Of course, this particular code probably should invoke fallocate() or similar to extend the file. Failing that, it could use a statically allocated always-zero buffer, shared with field_ref_zero and other always-zero buffers.
|
|
In MariaDB Server 5.5, we are using mem_alloc() which would crash the server on allocation failure.
/* Extend at most 64 pages at a time */
|
buf_size = ut_min(64, size_after_extend - start_page_no) * page_size;
|
buf2 = mem_alloc(buf_size + page_size);
|
buf = ut_align(buf2, page_size);
|
Similar code is used in MariaDB Server 10.0 and 10.1. In MariaDB Server 10.2 we are using ut_zalloc_nokey() which can actually return NULL when PERFORMANCE_SCHEMA is disabled.

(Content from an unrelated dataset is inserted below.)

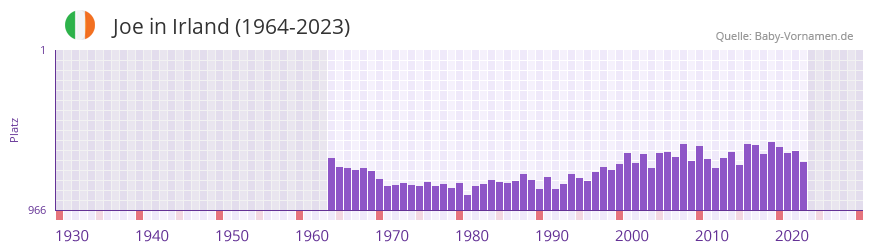 Joe in der Vornamen-Hitliste von Irland (1964-2023) Joe in der Vornamen-Hitliste von Irland (1964-2023)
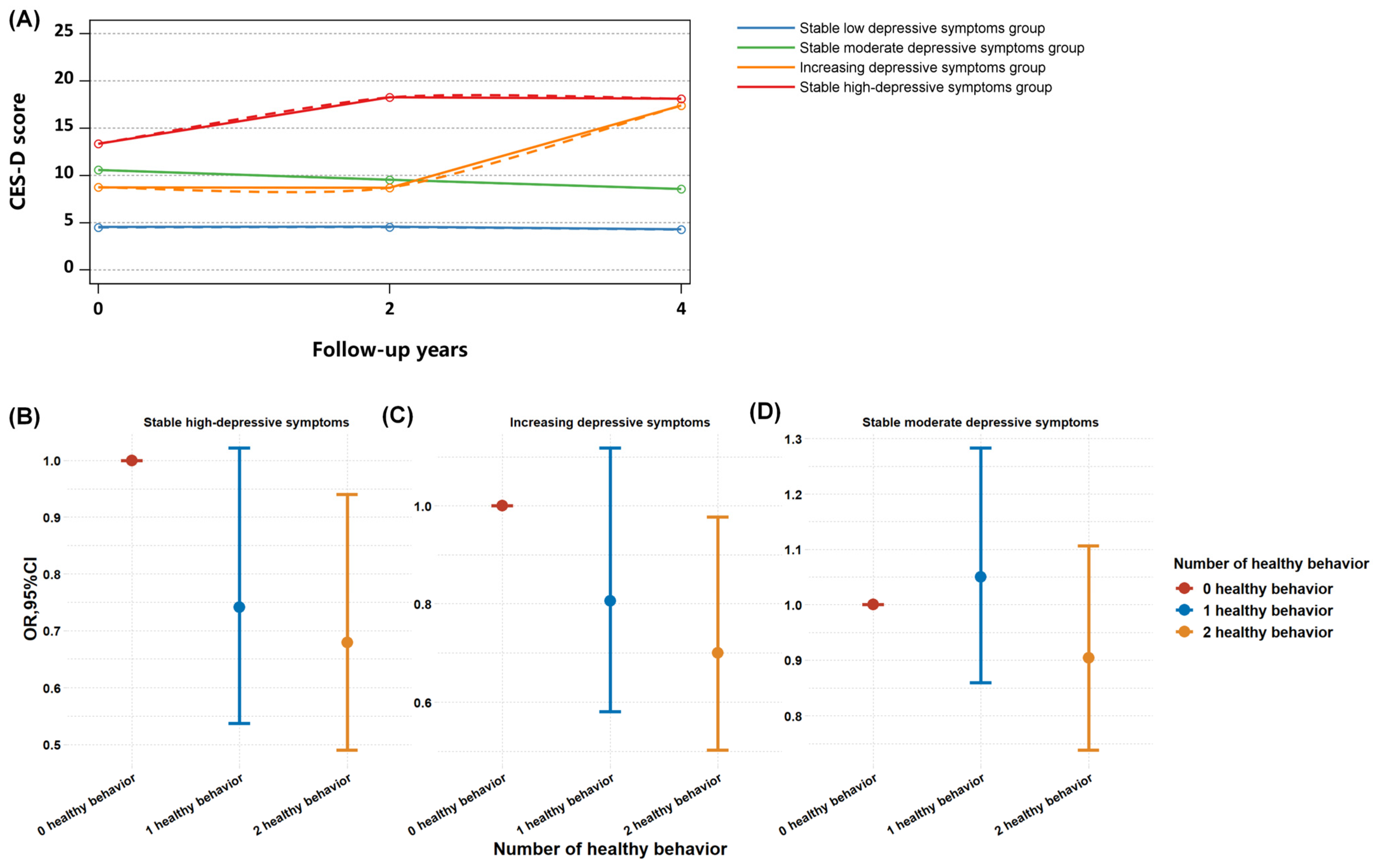 Brainsci 14 00780 g003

I am not sure if a failure to allocate 1 megabyte of memory should be treated as a fatal error, like it currently is. InnoDB is rather unforgiving when it comes to running out of memory or file space. Theoretically we could try a smaller allocation that works, and then use that to write zero bytes to the file.
Note: With innodb_use_fallocate=1 (which is not the default), we would avoid the file allocation if HAVE_POSIX_FALLOCATE. Maybe we should use SetEndOfFile() to quickly extend files on Windows. And maybe we should make innodb_use_fallocate=1 the default?
|
|
bb-5.5-marko
|
|
Based on this Microsoft blog article “Why does my single-byte write take forever?” we should seek to the desired end of the file and write a single zero byte, to have Windows extend the file with zero bytes. There is absolutely no need to allocate a huge 1MiB buffer for extending the file.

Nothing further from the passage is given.